Return the data below exactly, but only from the line containing "Cropped view of" through the line containing "Persoon in lichtblauwe", with both of those lines included.
**** Dataset content ****
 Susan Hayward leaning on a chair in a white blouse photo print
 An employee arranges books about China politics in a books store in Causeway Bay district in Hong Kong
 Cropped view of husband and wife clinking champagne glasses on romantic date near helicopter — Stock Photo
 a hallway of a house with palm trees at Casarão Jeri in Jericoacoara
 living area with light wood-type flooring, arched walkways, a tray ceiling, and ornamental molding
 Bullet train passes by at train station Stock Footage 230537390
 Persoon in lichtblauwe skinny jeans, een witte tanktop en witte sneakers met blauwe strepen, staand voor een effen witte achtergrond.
****
**** Dataset content ****
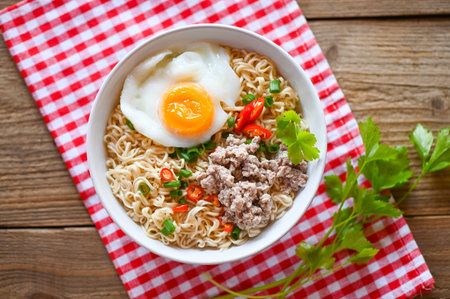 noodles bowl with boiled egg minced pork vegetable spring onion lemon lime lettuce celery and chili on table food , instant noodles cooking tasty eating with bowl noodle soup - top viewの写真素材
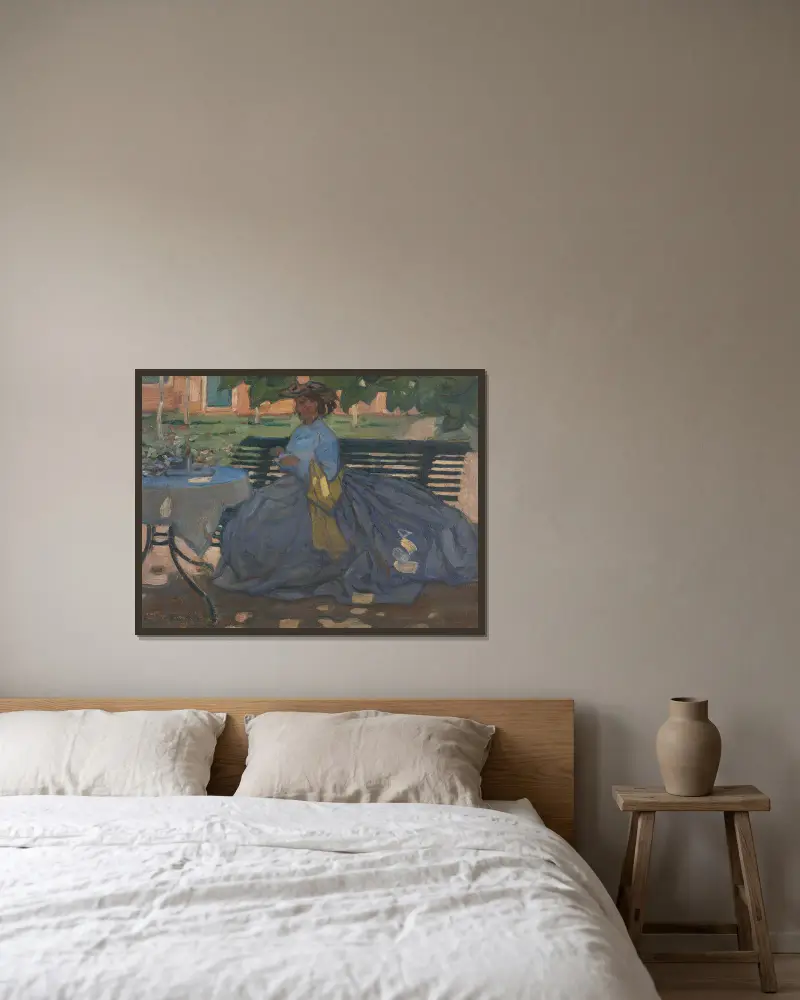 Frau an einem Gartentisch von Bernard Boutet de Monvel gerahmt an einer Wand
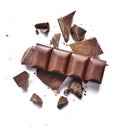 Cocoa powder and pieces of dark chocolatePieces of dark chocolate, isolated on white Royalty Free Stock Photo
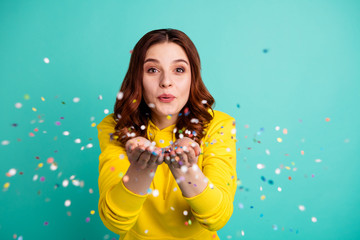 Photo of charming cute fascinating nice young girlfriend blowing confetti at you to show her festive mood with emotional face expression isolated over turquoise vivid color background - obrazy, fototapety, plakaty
****
Output:
 Cropped view of husband and wife clinking champagne glasses on romantic date near helicopter — Stock Photo
 a hallway of a house with palm trees at Casarão Jeri in Jericoacoara
 living area with light wood-type flooring, arched walkways, a tray ceiling, and ornamental molding
 Bullet train passes by at train station Stock Footage 230537390
 Persoon in lichtblauwe skinny jeans, een witte tanktop en witte sneakers met blauwe strepen, staand voor een effen witte achtergrond.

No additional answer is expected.